Mandate

Gleiss Lutz advises HeidelbergCement on billion euro cross-border transaction

Gleiss Lutz advised HeidelbergCement AG on its acquisition of a stake in Italcementi S.p.A., a company listed on the Milan (Italy) stock exchange. HeidelbergCement will be taking over Italmobiliare S.p.A.’s approx. 45% shareholding in Italcementi. The purchase price amounts to (subject to contractual purchase price reductions) 10.60 euros per share and therefore a total of around 1.67 billion euros.  

As part of the purchase price, Italmobiliare S.p.A. will acquire at least 7.75 million and at most 10.5 million new no-par value shares in HeidelbergCement AG resulting from a capital increase against non-cash contributions which has not yet been carried out; it will then have a stake of at least 3.96 and at most 5.29 per cent in the increased share capital of HeidelbergCement AG. The execution of the share purchase agreement is subject to, inter alia, approval by the competition authorities, particularly in Europe and in the USA, and is expected to take place in 2016.  

In the event that the share purchase agreement is executed, HeidelbergCement or one of its subsidiaries will make a mandatory public cash offer to all remaining Italcementi shareholders to acquire their shares. The overall transaction will be financed through a bridging loan of 4.4 billion euros provided by a bank consortium.  
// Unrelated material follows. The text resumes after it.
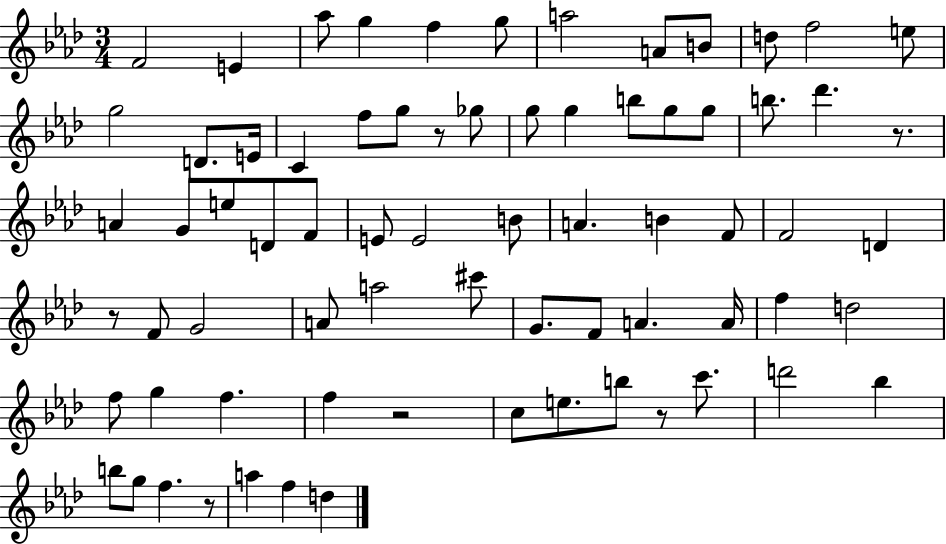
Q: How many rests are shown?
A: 6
Gleiss Lutz provided comprehensive advice on the transaction and coordinated an international advising team made up of members from Morocco, Egypt, Kuwait, Cyprus, the UK, Canada, China and additional jurisdictions. The law firm Studio Legale Sabelli advised on Italian law issues.  
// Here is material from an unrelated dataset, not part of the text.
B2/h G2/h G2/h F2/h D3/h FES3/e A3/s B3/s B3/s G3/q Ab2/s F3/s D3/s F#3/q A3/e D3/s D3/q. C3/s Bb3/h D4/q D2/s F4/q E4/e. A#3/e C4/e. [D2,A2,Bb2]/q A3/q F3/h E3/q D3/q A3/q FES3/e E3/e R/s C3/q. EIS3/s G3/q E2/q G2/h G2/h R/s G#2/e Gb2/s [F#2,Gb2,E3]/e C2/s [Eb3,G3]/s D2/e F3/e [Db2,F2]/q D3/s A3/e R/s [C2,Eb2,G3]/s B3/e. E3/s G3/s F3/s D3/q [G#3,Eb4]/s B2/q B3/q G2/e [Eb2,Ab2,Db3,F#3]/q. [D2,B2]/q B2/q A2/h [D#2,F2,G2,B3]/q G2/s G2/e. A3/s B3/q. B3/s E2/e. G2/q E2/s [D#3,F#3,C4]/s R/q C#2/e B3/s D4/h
In-house advice at HeidelbergCement was provided by Dr. Ingo Schaffernak (Head of Legal), Dr. Norbert Boese and Dr. Wolfram Gärtner.  
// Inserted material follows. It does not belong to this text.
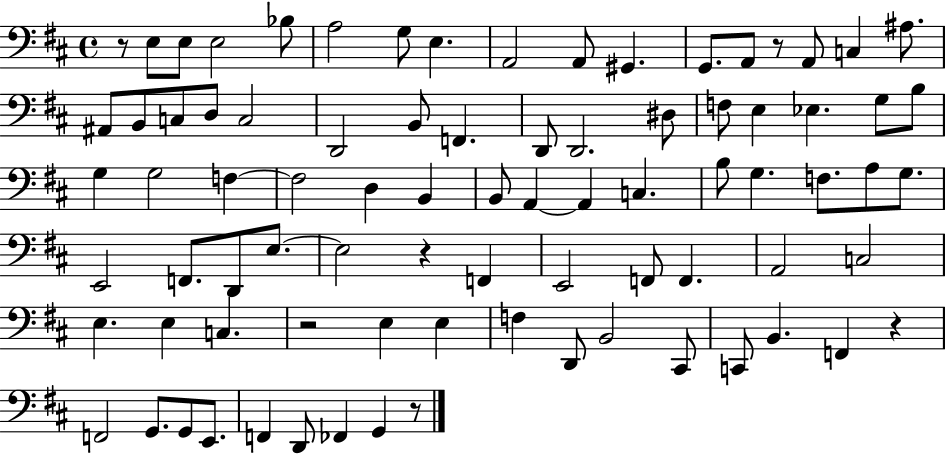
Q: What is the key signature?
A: D major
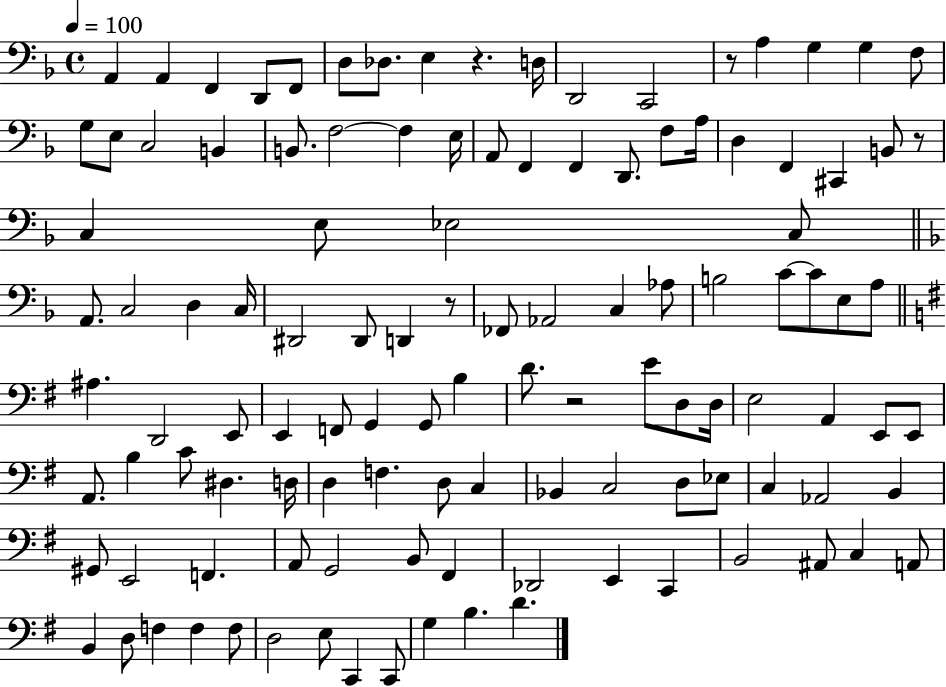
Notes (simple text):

A2/q A2/q F2/q D2/e F2/e D3/e Db3/e. E3/q R/q. D3/s D2/h C2/h R/e A3/q G3/q G3/q F3/e G3/e E3/e C3/h B2/q B2/e. F3/h F3/q E3/s A2/e F2/q F2/q D2/e. F3/e A3/s D3/q F2/q C#2/q B2/e R/e C3/q E3/e Eb3/h C3/e A2/e. C3/h D3/q C3/s D#2/h D#2/e D2/q R/e FES2/e Ab2/h C3/q Ab3/e B3/h C4/e C4/e E3/e A3/e A#3/q. D2/h E2/e E2/q F2/e G2/q G2/e B3/q D4/e. R/h E4/e D3/e D3/s E3/h A2/q E2/e E2/e A2/e. B3/q C4/e D#3/q. D3/s D3/q F3/q. D3/e C3/q Bb2/q C3/h D3/e Eb3/e C3/q Ab2/h B2/q G#2/e E2/h F2/q. A2/e G2/h B2/e F#2/q Db2/h E2/q C2/q B2/h A#2/e C3/q A2/e B2/q D3/e F3/q F3/q F3/e D3/h E3/e C2/q C2/e G3/q B3/q. D4/q.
HeidelbergCement was advised by the following team of Gleiss Lutz lawyers: Dr. Martin Schockenhoff, Dr. Jochen Tyrolt (both lead, partners, corporate/M&A, Stuttgart), Dr. Vera Rothenburg (partner), Johannes Schrägle, Dr. Stephanie Lumpp, Nico Holtkamp, Dr. Johannes Culmann, Dr. Jan Stenger (all Stuttgart), Dr. Hendrik Plath (Frankfurt, all corporate/M&A), Dr. Ulrich Denzel (partner, Stuttgart), Dr. Wolfgang Bosch (partner, Frankfurt), Dr. Christian von Köckritz (counsel, Brussels), Dr. Philipp Pichler, Susann Markert (both Stuttgart, all competition and antitrust), Dr. Katrin Haußmann (partner, employment, Stuttgart), Dr. Alexander Werder (partner), Dr. Michael Rudolf (both tax, Stuttgart), Dr. Christiane Freytag (counsel, public law, Stuttgart), Dr. Claudia Krapfl (dispute resolution, Stuttgart).  

Gleiss Lutz regularly advises HeidelbergCement in a wide range of legal fields. This has included, in recent years, representation in antitrust proceedings, advising on corporate issues as well as on the sale of the maxit Group to Saint Gobain for approx. 2.1 billion euros in 2007.